Le due ragazze si sono poi imbarcate su un aereo per Istanbul, da lì si sono dirette ad Adana e dopo tre giorni di viaggio hanno attraversato il confine siriano. Hanno cambiato i loro profili Facebook e hanno assunto nuovi nomi. I genitori non hanno perso la speranza di ritrovarle e sono partiti per la Turchia. Esistono dei gruppi operativi che provvedono a trasferire sul fronte di guerra interi gruppi femminili. Accade in Tunisia, dove decine di ragazze sono pronte al jihad. Una cellula specializzata nel reclutamento di donne per il jihad è stata smantellata a fine 2014 tra Marocco e Spagna. Il gruppo era operativo tra le città di Fnideq e Sebta in Marocco e Melilla e Barcellona. Molte ragazze si sono sottratte all’arresto (marocchine, spagnole e cilene) e potrebbero essere finite al confine siro-iracheno.

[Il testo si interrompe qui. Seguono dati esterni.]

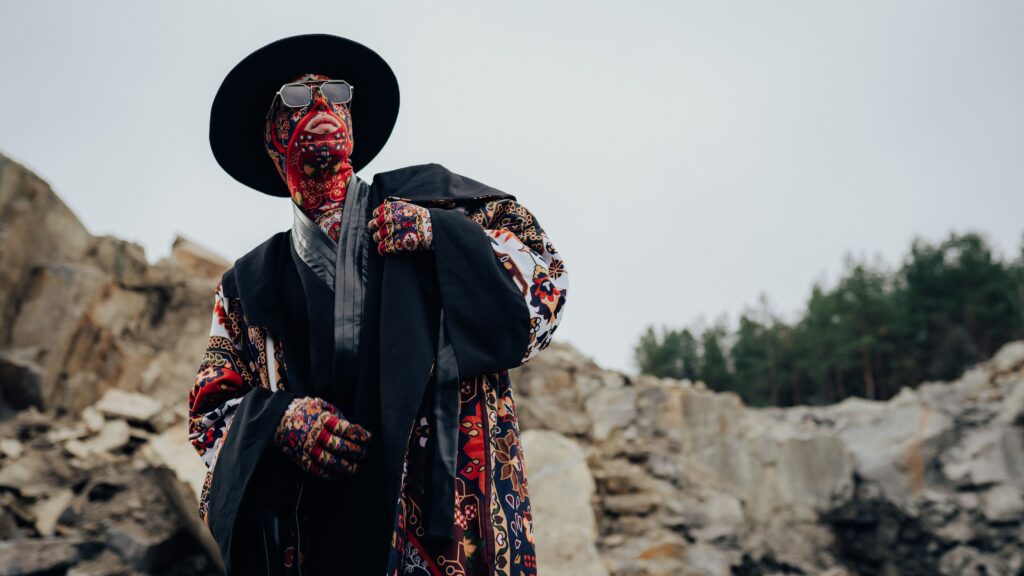 Ein Mann, dessen Gesicht, Hals und Hände in bunten Stoff gekleidet sind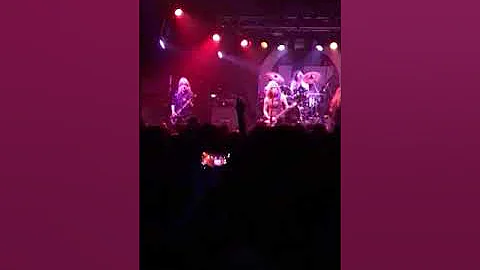 L7 - 6/4/19 - Pittsburgh - Fast & Frightening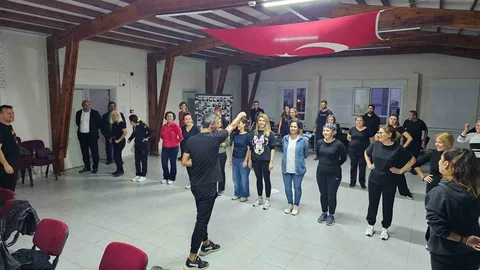 Ayvalık'ta Halk Dansları Projesi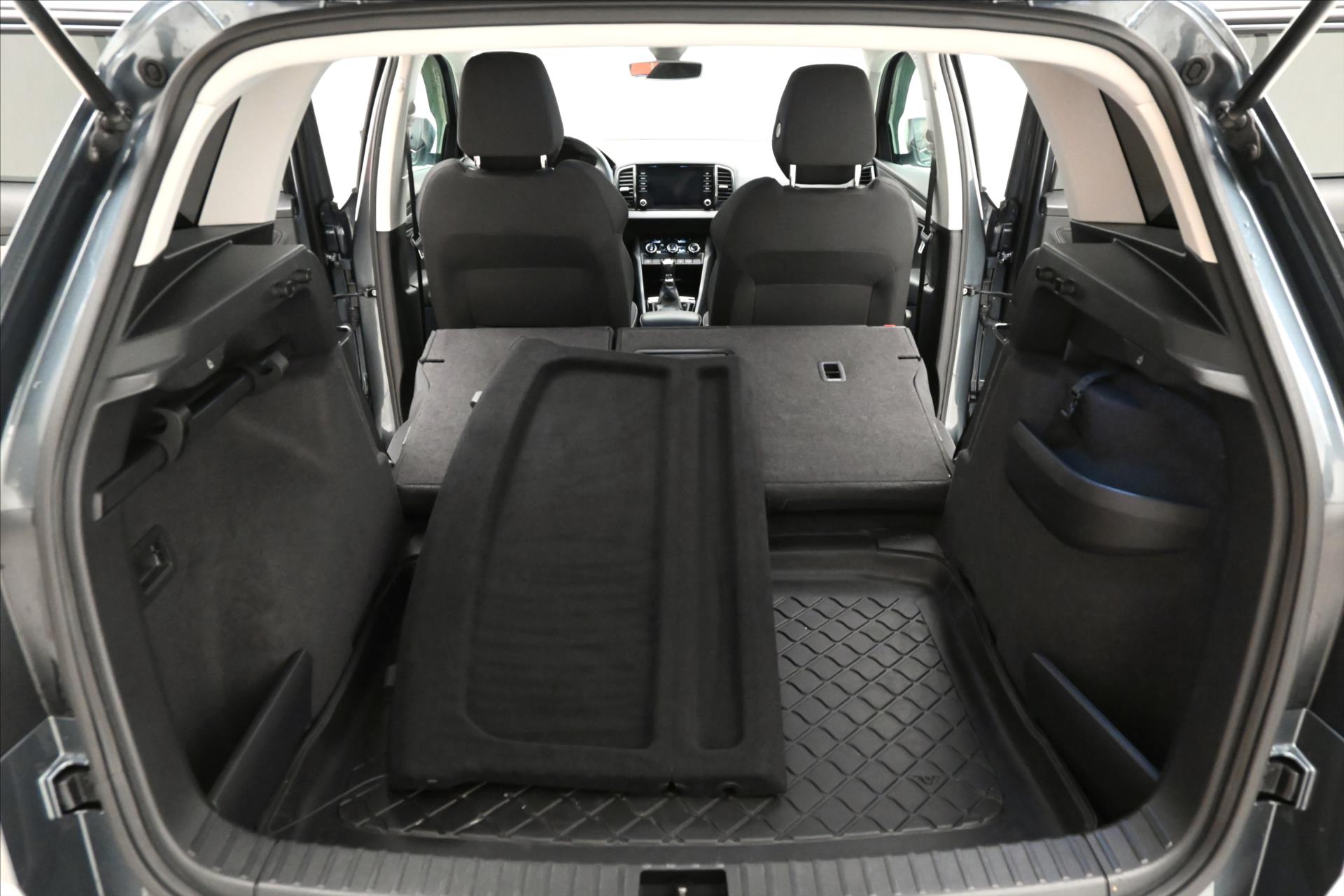 Hlavní fotografie vozu Škoda Karoq 1,6 TDI 85 kW Ambition Záruka až 5 let (11)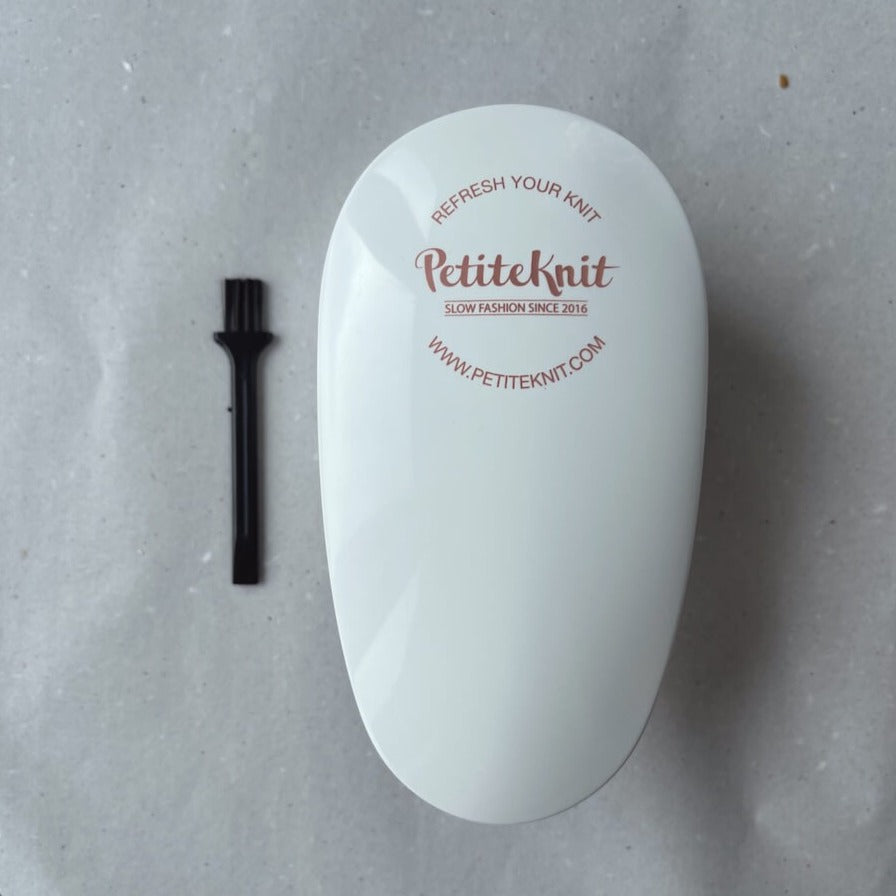 PetiteKnit Lint Remover - "REFRESH YOUR KNIT WITH PETITEKNIT"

GUERRA A GONNA E CAPPOTTOLa vita delle donne ai tempi del Califfo è un incubo ad occhi aperti. Le prescrizioni limitano tutto, anche l’abbigliamento più casto, come un banalissimo cappotto all’occidentale può comportare pene severissime. Lo Stato Islamico non ama la moda e così, con una recentissima nota dello scorso 6 marzo, è scattato l’alert “abbigliamento” nelle università del Califfato. Ecco cosa si legge nel documento: “E' giunta alla nostra attenzione, suscitando il nostro sgomento e rabbia, che alcune studentesse indossano abbigliamento succinto (possibile riferimento a delle gonne) e il cosiddetto cappotto: questo vestito è il vestito degli ebrei, dei cristiani e il vestire dei miscredenti non ha nulla a che fare con l'Islam che è un percorso per la rimozione del vizio e per la modestia”.
Contro gonna e cappotto il califfo ha deciso di schierare le sue truppe: “Quindi noi, i soldati del Califfato orgogliosi della religione di Dio, in guardia contro l'uso di questi vestiti, dopo il rilascio di questa pubblicazione, diamo un termine di 3 giorni solo per avvertire che sarà applicata la sentenza della legge di Dio nei confronti di chi continua a vestirsi in quel modo”. Una minaccia non da poco: “ Le bocche dei nostri fucili sono assetate e noi le placheremo con il sangue di chi ha violato la legge di Dio e ha seguito i seguaci degli ebrei e cristiani”. Le ritorsioni sono previste non soltanto contro le donne ree di vestirsi alla maniera occidentale, ma anche contro i loro parenti: “Non dormiamo sopra l'ingiustizia, faremo arrostire i vostri corpi e noi raccoglieremo le vostre anime. Avvertiamo il padre della studentessa di cambiare i vestiti prima che lui la raccolga in un cestino”.